Et les ténébreuses entités amènent avec elles l’âme du recteur qui ne pouvait offrir aucune résistance devant leur nombre.


Un peu plus tard, avant d’aller dormir, chez Jim et Mélinda.

Mélinda sursaute en constatant la présence de Jean devant la porte. Le défunt lui résume la fin du recteur et s’exclame : 

— Maintenant, me voilà en paix ! Je peux enfin quitter ce monde !

Tournant sa tête à droite, il voit une douce lumière étincelante et immaculée, visible à lui seul, qui l’invite à abandonner définitivement le monde des vivants.

— Wow ! Je remarque une lumière tellement belle et accueillante. Je suis en paix, plus rien ne me tourmente, s’exclame le militaire. Est-elle pour moi ? Puis-je y aller ?

Une lueur de béatitude scintille dans ses yeux clairs. Une sérénité telle que la médium ne l'a jamais vue auparavant. Petit sourire au visage et larmes au coin des yeux, elle murmure chaleureusement : 

— Oui, cette Lumière est pour vous ! Bon voyage !
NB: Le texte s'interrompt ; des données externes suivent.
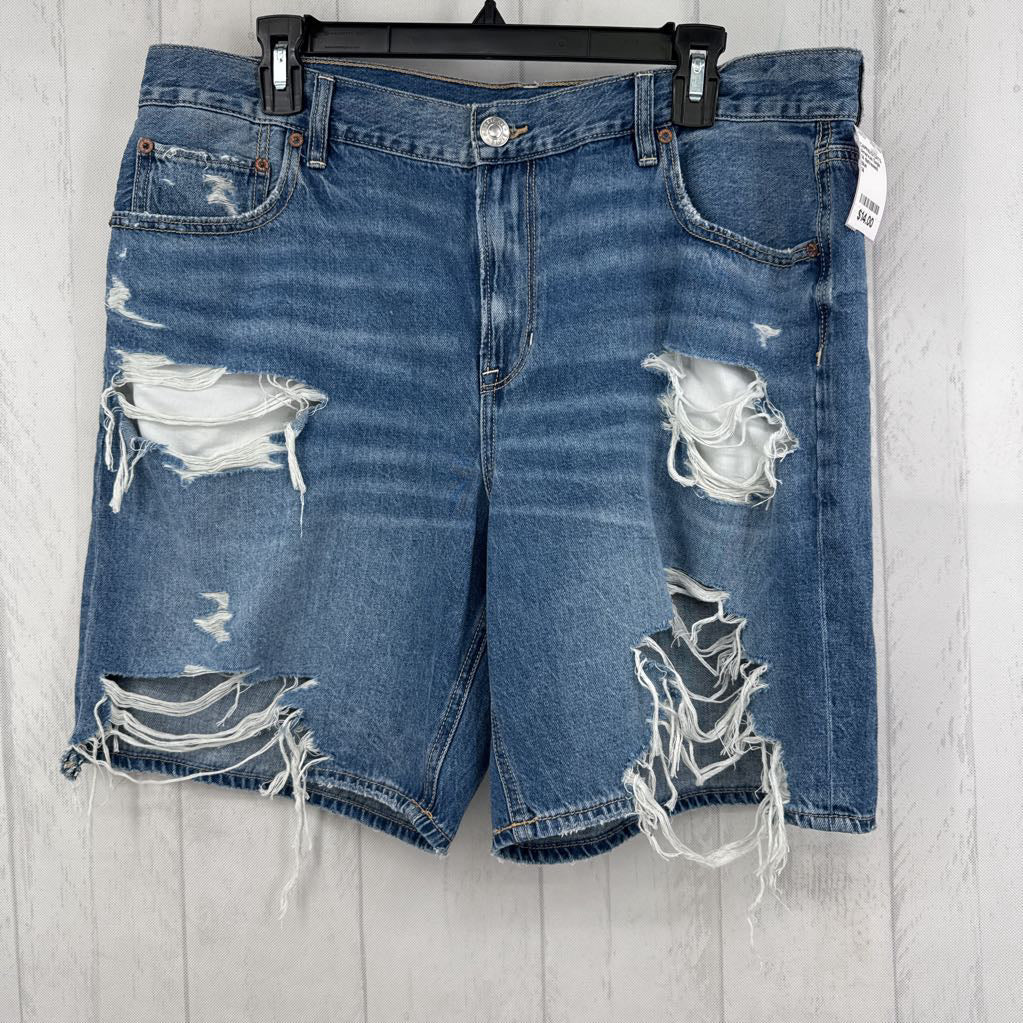 14 distressed bermuda shorts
Le défunt se dirige vers sa droite, se retourne une dernière fois et dit : 

— Je ne me suis jamais senti aussi léger de ma vie ! Le Livre est à sa place, de retour dans la bibliothèque de votre mari ! Ma fiancée, mes parents et ma sœur m’attendent, agitant les bras pour m’inviter à les rejoindre. J'arrive !

Et, doucement, il s’éclipse du regard de la jeune mère, enveloppé par une douce et pure lumière blanche imperceptible pour la médium.

L’épouse de Jim, essuyant une larme de joie, rejoint son mari et s’endort d’un sommeil léger, aucunement inquiète pour leur futur.

Dans la pénombre de la chambre, le médecin collaborateur Charlie Luc Wogel, petit sourire sardonique aux lèvres, guette le couple avant de s’évaporer.